▸ **WORK REQUIRED**: Return the data below unchanged, without images.

▸ **Scraped caption text data**:
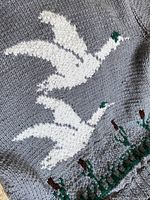 Close-up photo showing part of the knitted sweater with two flying white duck silhouettes and green cattail plants on a grey wool background.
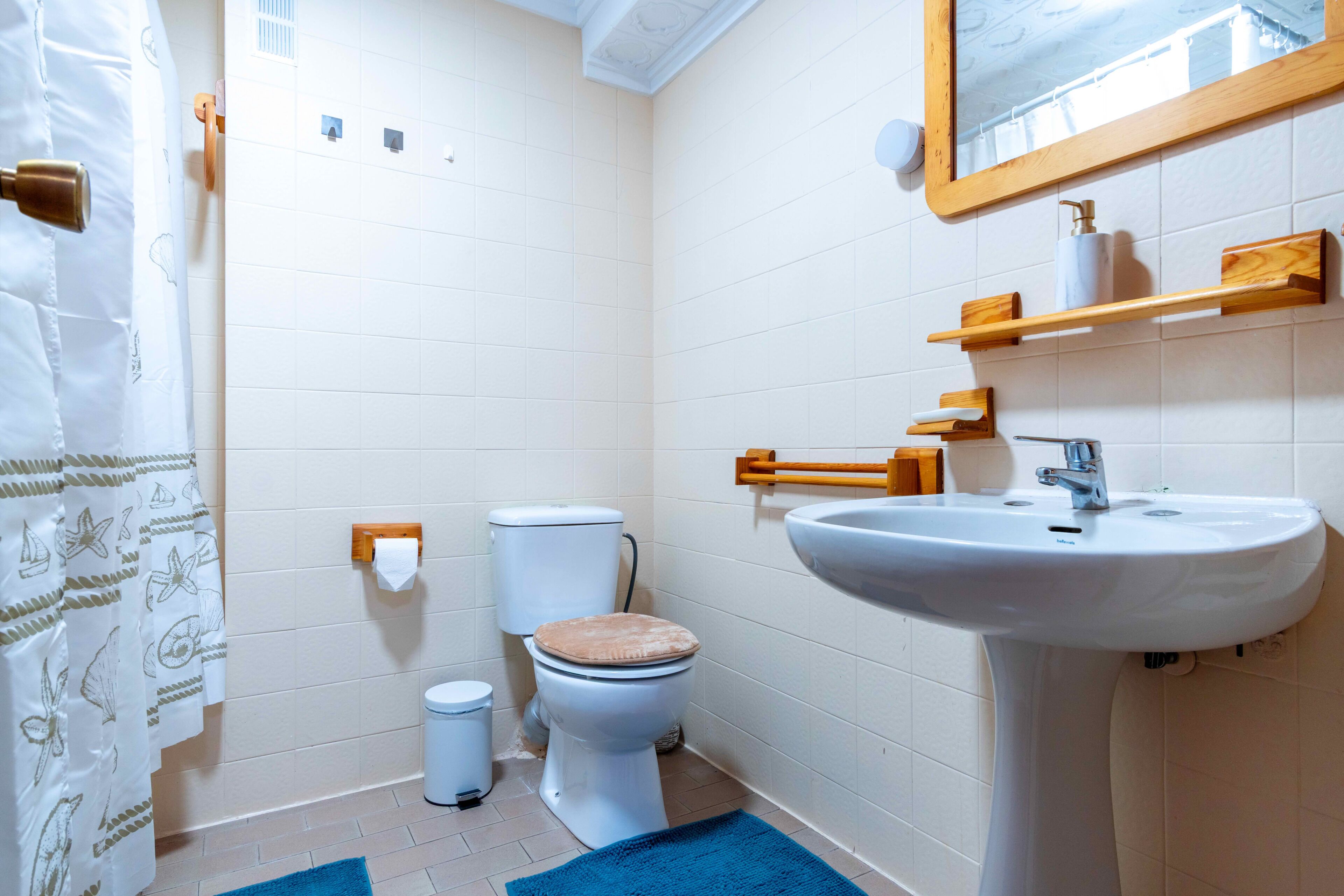 A bathroom with a toilet, sink, and shower curtain.
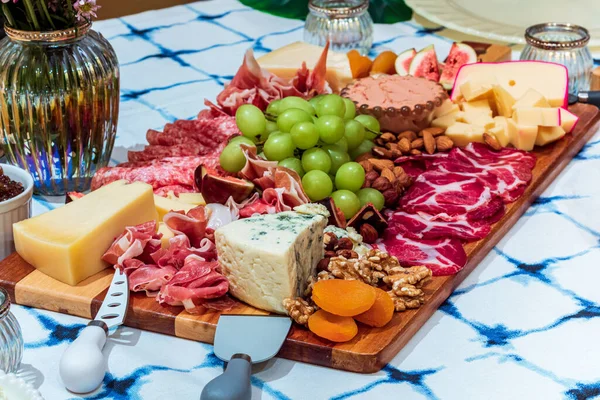 Different types of cheeses, wines, baguettes, fruits and snacks on the table for tasting and holiday scenery.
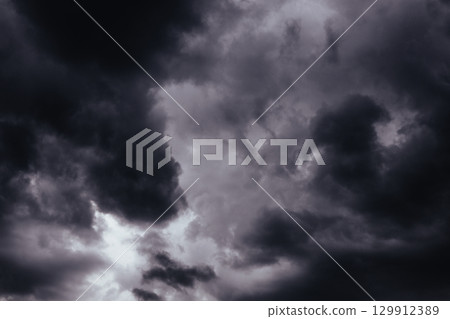 A stormy sky filled with ominous, dark heavy low clouds, creating a dramatic scene. Moody shot of a gloomy grey sky filled with swirling, storm clouds. Stormy weather. Before storm, rainstorm. A stormy sky filled with ominous, dark heavy low clouds, creating a dramatic scene. Moody shot of a gloomy grey sky filled with swirling, storm clouds. Stormy weather. Before storm, rainstorm. 129912389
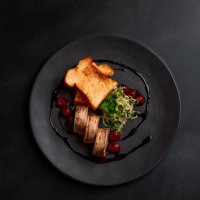 deer minced meat terrine dish duck breast with balsamic cherries in michelin star gourmet restaurant on dark background - food stock pictures, royalty-free photos & images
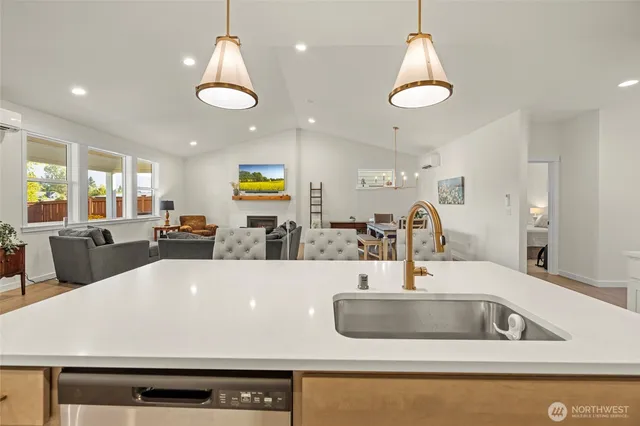 a large kitchen with a large counter space a sink and chandelier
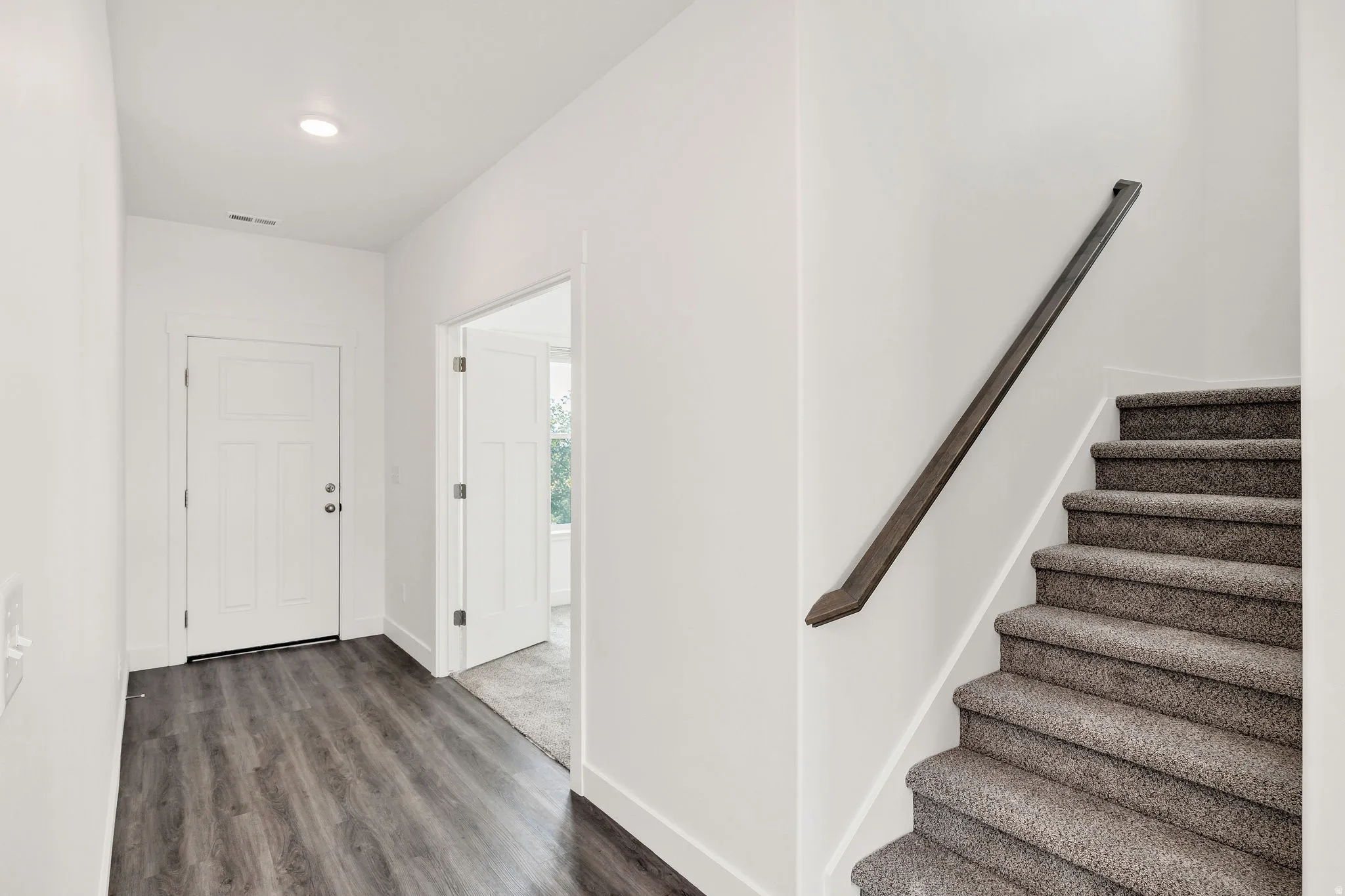 Wood-finish flooring, recessed ceiling lighting, a contemporary door with panel detailing, and a carpeted staircase with a dark handrail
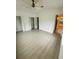 Cozy bedroom featuring neutral paint, a ceiling fan, and multiple closets at 5999 Lake Pointe Dr # 602, Orlando, FL 32822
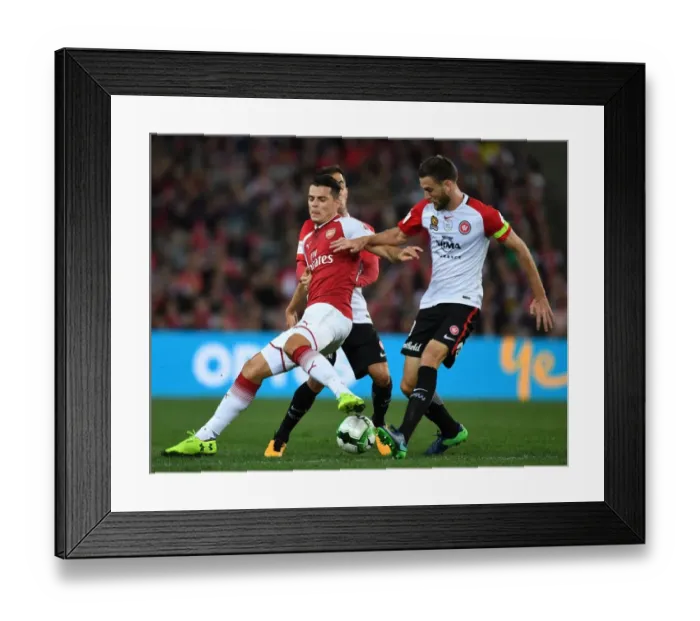 Framed Print : Granit Xhaka vs. Robert Cornthwaite: Clash of the Midfielders (Sydney Wanderers vs. Arsenal, 2017)
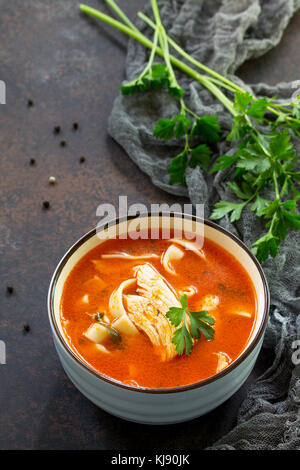 Soupe aux tomates avec des pâtes et du poulet dans un bol sur une pierre sombre arrière-plan. Le concept d'une saine alimentation. Copier l'espace. Banque D'Images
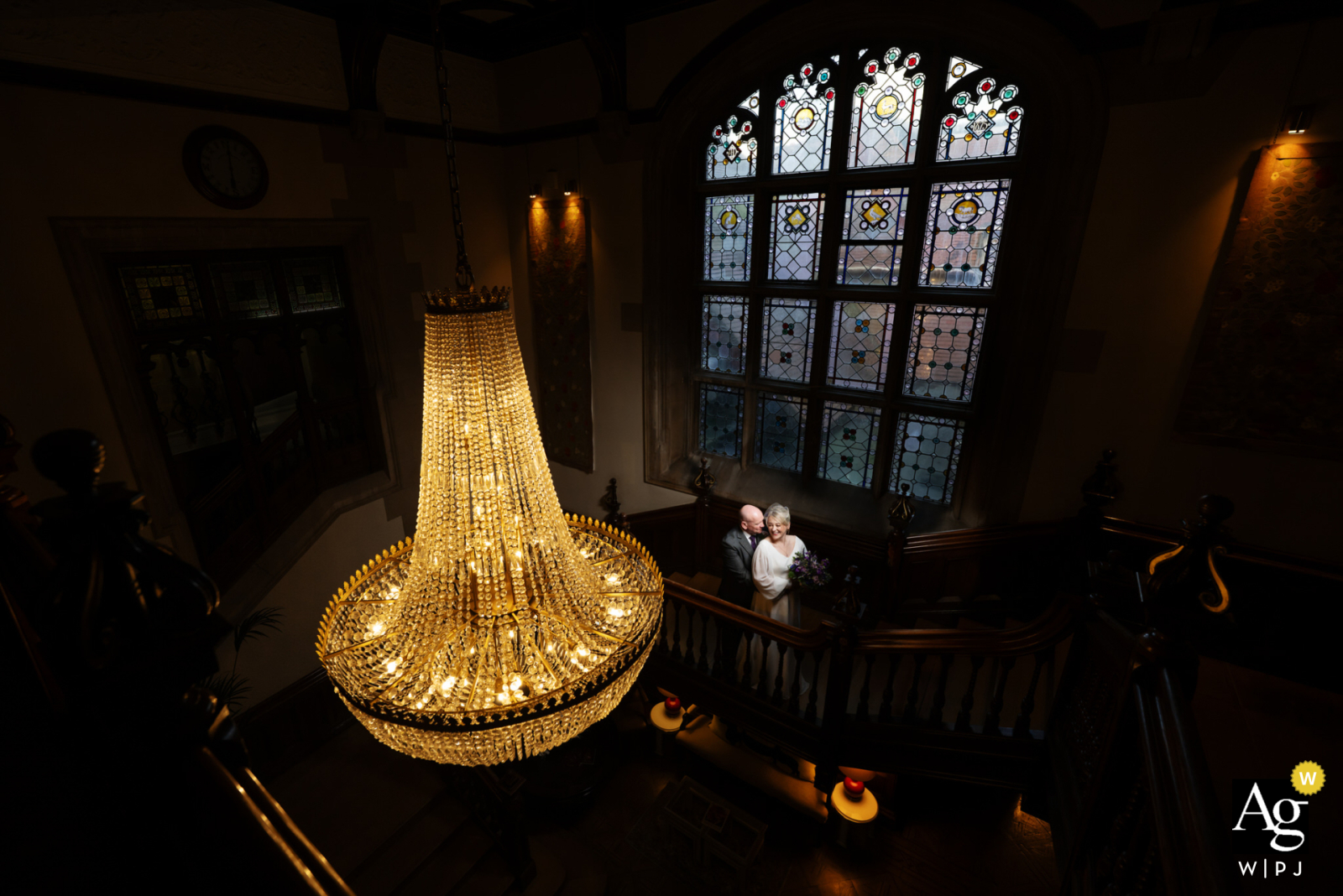   On the grand staircase at Pendley Manor, the couple pose for a portrait, the sweeping stairs and ornate railing showcasing the manor’s classic elegance.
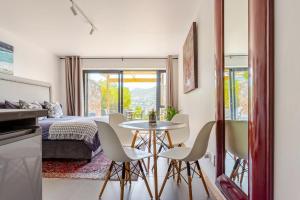 a room with a bed and a table and chairs at Beachfront Bliss in Cape Town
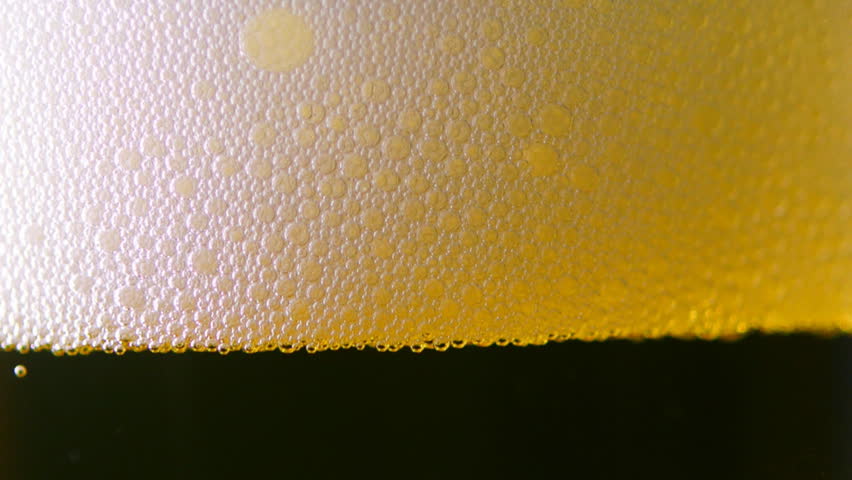 Full glass of beer bubbles close-up Royalty-Free Stock Footage #34461961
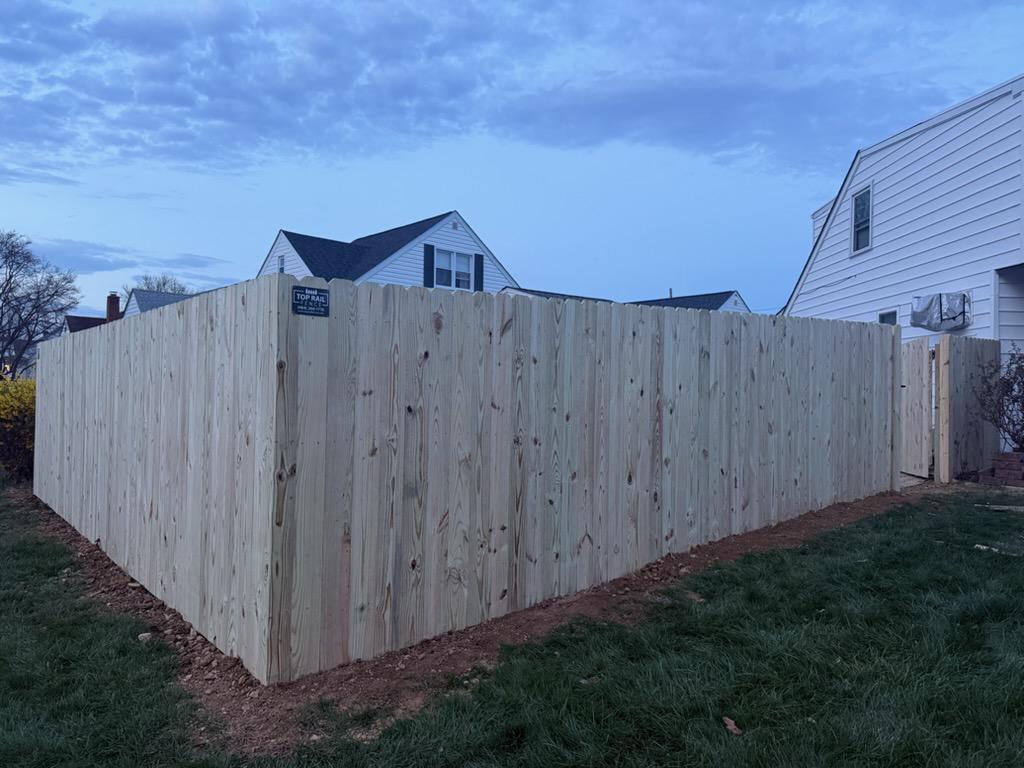wood stockade fence installed by top rail fence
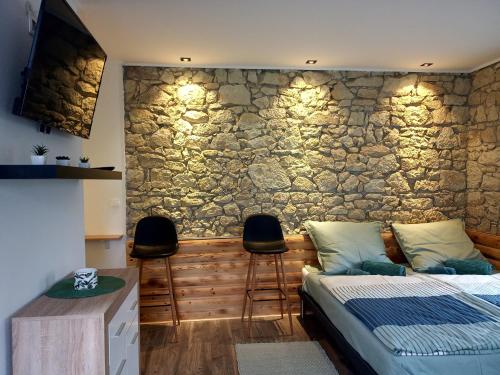 a bedroom with a bed and a stone wall at Kaland apartman 1 in Sátoraljaújhely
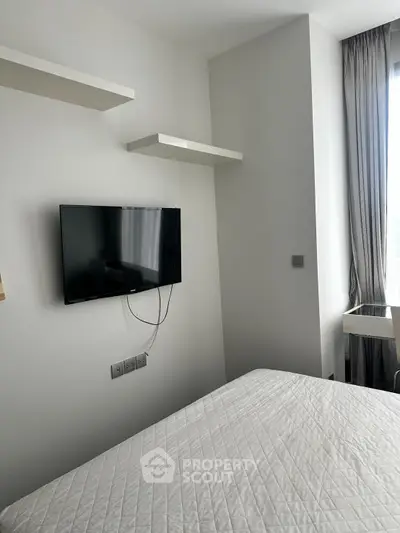 Modern bedroom with wall-mounted TV and minimalist decor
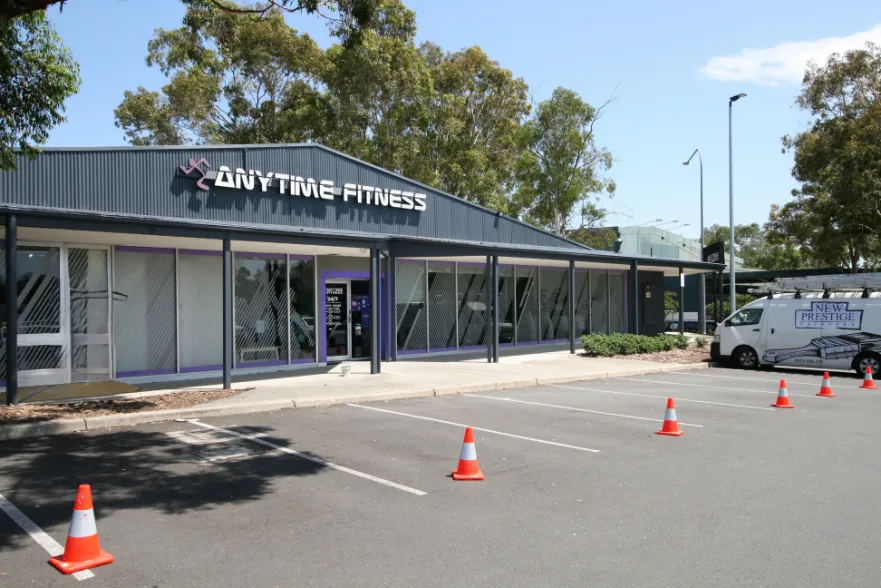 Anytime Fitness gym exterior with parking cones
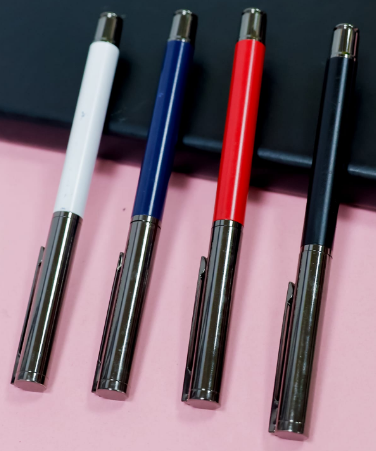 Custom laser-engraved executive metal pens with dark gunmetal chrome trim by Print365 Kenya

▸ **ANSWER BELOW**:
 Close-up photo showing part of the knitted sweater with two flying white duck silhouettes and green cattail plants on a grey wool background.
 A bathroom with a toilet, sink, and shower curtain.
 Different types of cheeses, wines, baguettes, fruits and snacks on the table for tasting and holiday scenery.
 A stormy sky filled with ominous, dark heavy low clouds, creating a dramatic scene. Moody shot of a gloomy grey sky filled with swirling, storm clouds. Stormy weather. Before storm, rainstorm. A stormy sky filled with ominous, dark heavy low clouds, creating a dramatic scene. Moody shot of a gloomy grey sky filled with swirling, storm clouds. Stormy weather. Before storm, rainstorm. 129912389
 deer minced meat terrine dish duck breast with balsamic cherries in michelin star gourmet restaurant on dark background - food stock pictures, royalty-free photos & images
 a large kitchen with a large counter space a sink and chandelier
 Wood-finish flooring, recessed ceiling lighting, a contemporary door with panel detailing, and a carpeted staircase with a dark handrail
 Cozy bedroom featuring neutral paint, a ceiling fan, and multiple closets at 5999 Lake Pointe Dr # 602, Orlando, FL 32822
 Framed Print : Granit Xhaka vs. Robert Cornthwaite: Clash of the Midfielders (Sydney Wanderers vs. Arsenal, 2017)
 Soupe aux tomates avec des pâtes et du poulet dans un bol sur une pierre sombre arrière-plan. Le concept d'une saine alimentation. Copier l'espace. Banque D'Images
   On the grand staircase at Pendley Manor, the couple pose for a portrait, the sweeping stairs and ornate railing showcasing the manor’s classic elegance.
 a room with a bed and a table and chairs at Beachfront Bliss in Cape Town
 Full glass of beer bubbles close-up Royalty-Free Stock Footage #34461961
wood stockade fence installed by top rail fence
 a bedroom with a bed and a stone wall at Kaland apartman 1 in Sátoraljaújhely
 Modern bedroom with wall-mounted TV and minimalist decor
 Anytime Fitness gym exterior with parking cones
 Custom laser-engraved executive metal pens with dark gunmetal chrome trim by Print365 Kenya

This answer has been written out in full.